First, I’d like to take this opportunity to thank all the loyal Ricky Hatton fans out there for the kind, snappy emails I‘ve received over the past few days after I suggested that Hatton was out of his league against Kostya Tszyu.

I haven’t had this kind of feedback since kindergarten when I claimed Santa Claus was a fraud and the Easter Bunny was not really a rabbit.

For the most part, the messages were well-written, welcomed and rated PG, though there were a few vicious emails from people who couldn’t spell Hatton but knew how to spell s–t head. I had to keep my family away from my computer screen so they wouldn’t pick up any bad words.

Second, I’d like to congratulate Hatton for his win. My hat goes off to the guy. He moves into the top of the heap in the 140-pound division. I didn’t think he had a chance, not because he couldn’t fight, but because he was fighting Kostya Tszyu. Then, when Tszyu didn’t come out for the 12th round, I quickly closed the curtains, bolted the front door and cursed him. I figured roaming bands of Ricky Hatton worshippers were probably forming out on my front yard for a lynching even as I turned the TV off.

Third, I’d like to congratulate all you boxing gurus who apparently know more about the sport than I do. How do I know that? Because you picked Hatton, and when he won, you didn’t waste any time getting back to me, telling me I should choose another line of work. Thanks. I appreciate it. I’m already checking the want ads.

Here’s what some of you had to say:

“Had Ricky Hatton actually lost, your article would have still been pretty despicable,” wrote Christian from the United Kingdom. “To be so dismissive of any professional athlete in that manner is, dare I say it, unprofessional . . . I hope the under-researched lunacy of your ill-conceived predictions haunts you for some time.”

“Well, well,” wrote Neal, also from England. “Humble pie anyone? I’m English through and through, and nothing gives me more joy than reading an article loaded with one man’s blinkered views about boxing.”

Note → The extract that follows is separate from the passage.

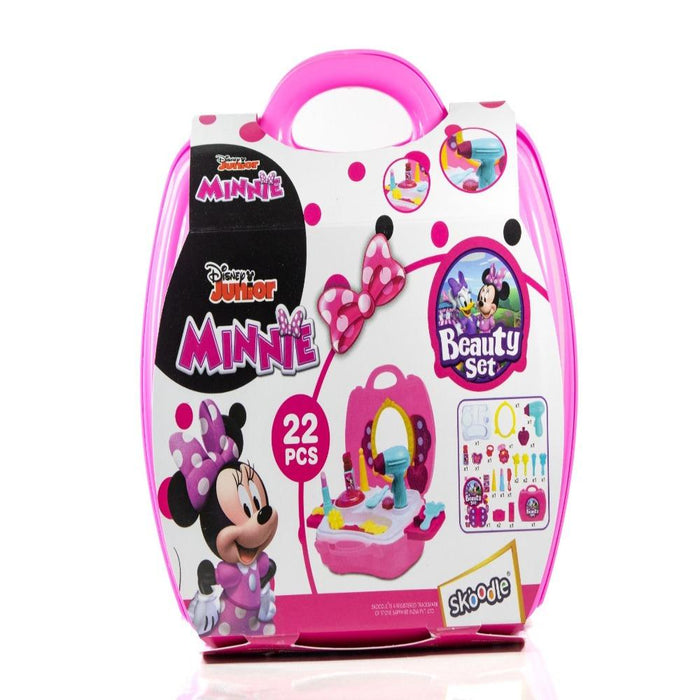 Skoodle Disney Junior Minnie Beauty Set-Pretend Play-Skoodle-Toycra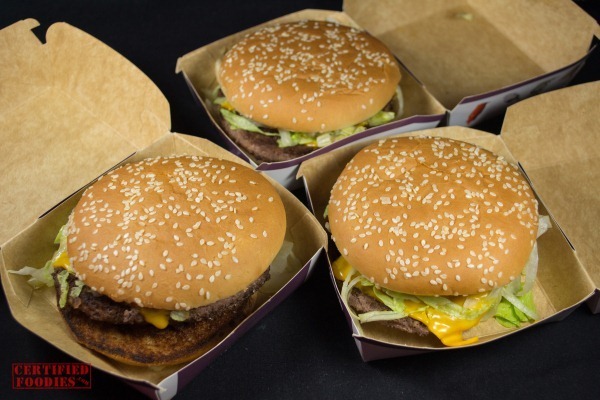 McDonald's Big N' Tasty Burger for the whole family! LOL[2]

“For a boxing journalist, you have a very closed mind,” wrote Damian, another Englishman. “Didn’t it occur to you at all that Hatton was able to beat Kostya Tszyu? Or like the rest of the American press crew, have you just never seen Hatton fight before? I suppose he hasn’t fought in the states yet, and you Americans can be so insular sometimes, that you may be forgiven for only having just found out about him. Whatever the actual reason is, you should hang up your keyboard right now.”

Those were the friendlier emails I received.

Here’s a side note. Friday afternoon before the fight, I attended the Jeff Lacy – Robin Reid press conference announcing their upcoming fight on Aug. 6. Reid, from Cheshire, England, is a former world super middleweight champ. I asked him who he was picking in Saturday‘s fight.

“I don’t think it will even be close,” Reid told me, adding that just because he was from England didn’t mean he was going to pick the English guy. “Kostya Tszyu will win by knockout in the middle rounds. He‘s too big a puncher.”

Maybe Reid should hang up his gloves.

Finally, I’d like to remind you that I never picked on Hatton’s character or made fun of his family or called him an idiot.
So how come I feel like I took a worse beating than he did?